Sepsis without identified source — imaging workup
Recommended: CT chest/abdomen/pelvis with IV contrast is the preferred imaging study for sepsis without identified source — imaging workup. When the source isn't clinically obvious despite blood cultures, urinalysis, and chest X-ray.
CT chest/abdomen/pelvis with IV contrast
When the source isn't clinically obvious despite blood cultures, urinalysis, and chest X-ray. CT CAP captures most occult abdominal sources (abscess, perforation, cholangitis, urinary), thoracic sources (empyema, lung abscess, mediastinal), and pelvic (PID, TOA). Add echo (TTE → TEE) for endocarditis when bacteremia + risk factors. Suspected meningitis: emergent CT head → LP.

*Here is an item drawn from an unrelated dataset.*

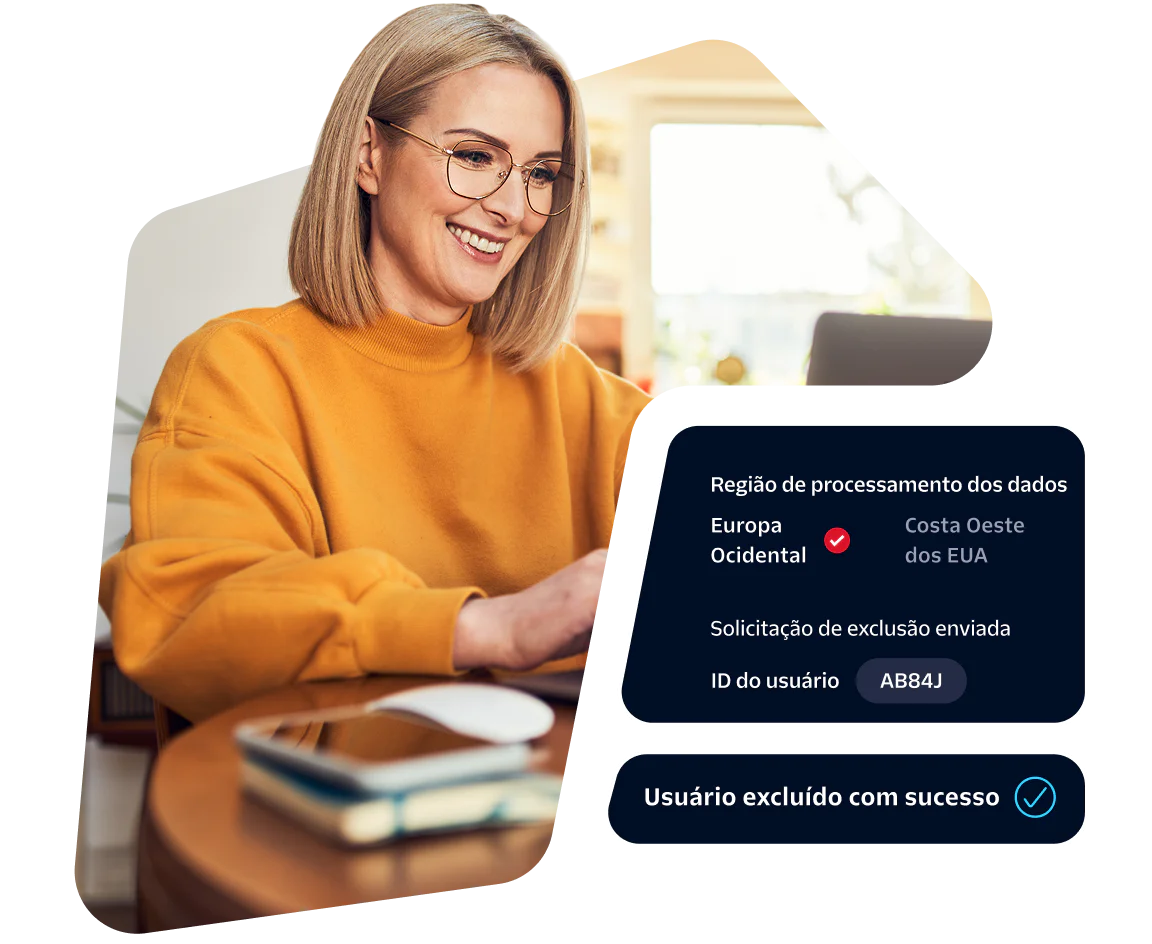 Woman in yellow sweater at laptop reviewing data processing request with status displayed.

If the default doesn't apply
Watch-outs
Hemodynamically unstable + obvious abdominal source on exam → straight to OR, not imaging. Stabilize → image when feasible.
Hard to diagnose — wall thickening, pericholecystic fluid, sludge on US. CT often shows it when US is equivocal.
Spinal epidural abscess / discitis is missed without targeted MRI — clinical exam is often initially soft.
Pearls
- CT yield for occult source in sepsis: ~30–40% identifies a previously unrecognized source.
- Don't forget the gallbladder — CT often shows what bedside US misses in critically ill ICU patients.
- Tubo-ovarian abscess: pelvic exam + transvaginal US in females; CT pelvis if US non-diagnostic.
- Bacteremia + back pain: MRI spine within 24 h, regardless of how soft the exam seems.